Les résultats présentent également une opportunité d’atténuer les effets secondaires de médicaments comme l’entacapone. En garantissant une disponibilité suffisante du fer dans le gros intestin, il pourrait être possible de réduire la dysbiose et les problèmes gastro-intestinaux qui accompagnent souvent le traitement de la maladie de Parkinson.
« La prochaine étape consiste à explorer comment nous pouvons modifier les traitements médicamenteux pour mieux soutenir le microbiome intestinal », a déclaré Wagner.
« Nous étudions des stratégies pour acheminer sélectivement le fer vers le gros intestin, où il peut bénéficier au microbiome sans interférer avec l’absorption des médicaments dans l’intestin grêle. »

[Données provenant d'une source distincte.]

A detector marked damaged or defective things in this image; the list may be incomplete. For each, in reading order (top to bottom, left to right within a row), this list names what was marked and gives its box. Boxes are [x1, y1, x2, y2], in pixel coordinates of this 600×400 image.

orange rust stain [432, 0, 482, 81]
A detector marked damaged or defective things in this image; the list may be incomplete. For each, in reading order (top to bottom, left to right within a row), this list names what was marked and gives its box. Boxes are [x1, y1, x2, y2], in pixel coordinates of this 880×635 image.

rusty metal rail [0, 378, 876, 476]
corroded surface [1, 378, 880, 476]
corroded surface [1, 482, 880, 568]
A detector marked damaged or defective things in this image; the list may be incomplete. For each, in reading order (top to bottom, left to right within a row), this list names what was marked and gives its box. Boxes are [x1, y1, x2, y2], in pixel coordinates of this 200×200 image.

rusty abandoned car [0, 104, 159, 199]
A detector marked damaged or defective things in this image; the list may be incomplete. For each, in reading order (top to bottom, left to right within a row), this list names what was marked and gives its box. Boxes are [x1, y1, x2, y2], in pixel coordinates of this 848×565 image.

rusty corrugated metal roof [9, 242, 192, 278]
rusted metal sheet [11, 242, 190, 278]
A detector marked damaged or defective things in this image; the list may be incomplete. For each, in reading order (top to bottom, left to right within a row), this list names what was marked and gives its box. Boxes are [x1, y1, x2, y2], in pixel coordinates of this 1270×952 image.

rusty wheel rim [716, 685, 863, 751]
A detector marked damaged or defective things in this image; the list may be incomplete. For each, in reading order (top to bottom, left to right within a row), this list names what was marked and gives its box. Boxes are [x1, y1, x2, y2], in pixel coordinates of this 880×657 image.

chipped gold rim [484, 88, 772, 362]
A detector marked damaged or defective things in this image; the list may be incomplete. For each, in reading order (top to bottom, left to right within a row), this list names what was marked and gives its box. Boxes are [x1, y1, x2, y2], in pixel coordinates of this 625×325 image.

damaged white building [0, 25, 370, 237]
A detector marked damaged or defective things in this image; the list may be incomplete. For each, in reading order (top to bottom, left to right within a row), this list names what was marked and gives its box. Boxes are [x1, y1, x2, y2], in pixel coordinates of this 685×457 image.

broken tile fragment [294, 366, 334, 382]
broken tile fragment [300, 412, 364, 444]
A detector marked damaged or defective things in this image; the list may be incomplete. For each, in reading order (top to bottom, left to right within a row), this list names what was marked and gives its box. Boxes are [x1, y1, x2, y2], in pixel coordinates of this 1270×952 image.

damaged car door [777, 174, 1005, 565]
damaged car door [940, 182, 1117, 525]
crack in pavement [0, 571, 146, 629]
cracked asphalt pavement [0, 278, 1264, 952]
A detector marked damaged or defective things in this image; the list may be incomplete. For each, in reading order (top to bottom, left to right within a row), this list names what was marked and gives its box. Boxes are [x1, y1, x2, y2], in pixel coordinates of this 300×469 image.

À propos de l’étude : Cette étude a été menée dans le cadre du pôle d’excellence financé par la FWF « Les microbiomes conduisent à la santé planétaire », une initiative de recherche collaborative incluant huit instituts de recherche autrichiens de premier plan.
À propos de cette actualité de la recherche en neuropharmacologie et microbiome
Auteur: Alexandra Frey
Source: Université de Vienne
Contact: Alexandra Frey – Université de Vienne
Image: L’image est créditée à Xiaowei Ge (Université de Boston)
Recherche originale : Accès libre.
« L’entacapone, un médicament contre la maladie de Parkinson, perturbe l’homéostasie du microbiome intestinal via la séquestration du fer» de Michael Wagner et coll. Microbiologie naturelle
Abstrait
L’entacapone, un médicament contre la maladie de Parkinson, perturbe l’homéostasie du microbiome intestinal via la séquestration du fer
De nombreux médicaments destinés aux humains modifient le microbiome intestinal, ce qui a des conséquences sur la santé de l’hôte. Cependant, les mécanismes à l’origine de ces effets ne sont pas bien connus.
Ici, nous avons combiné le profilage quantitatif du microbiome, la métagénomique à lecture longue, le sondage des isotopes stables et l’imagerie chimique unicellulaire pour étudier l’impact de deux médicaments largement prescrits sur le microbiome intestinal.
Des concentrations physiologiquement pertinentes d’entacapone, un traitement contre la maladie de Parkinson, ou de succinate de loxapine, utilisé pour traiter la schizophrénie, ont été incubées ex vivo avec des échantillons de matières fécales humaines.
Les deux médicaments ont un impact significatif sur l’activité microbienne, davantage que sur l’abondance microbienne. Mécaniquement, l’entacapone peut complexer et épuiser le fer disponible, entraînant des modifications dans la composition et la fonction du microbiome intestinal. La croissance microbienne peut être sauvée en reconstituant les niveaux de fer accessible au microbiote.
En outre, la privation de fer induite par l’entacapone est sélectionnée pour les membres du microbiome intestinal piégeurs de fer codant pour les gènes de résistance aux antimicrobiens et de virulence.
Ces résultats révèlent l’impact de deux médicaments sous-étudiés sur des microbiomes entiers et identifient la séquestration des métaux comme un mécanisme de perturbation du microbiome induit par les médicaments.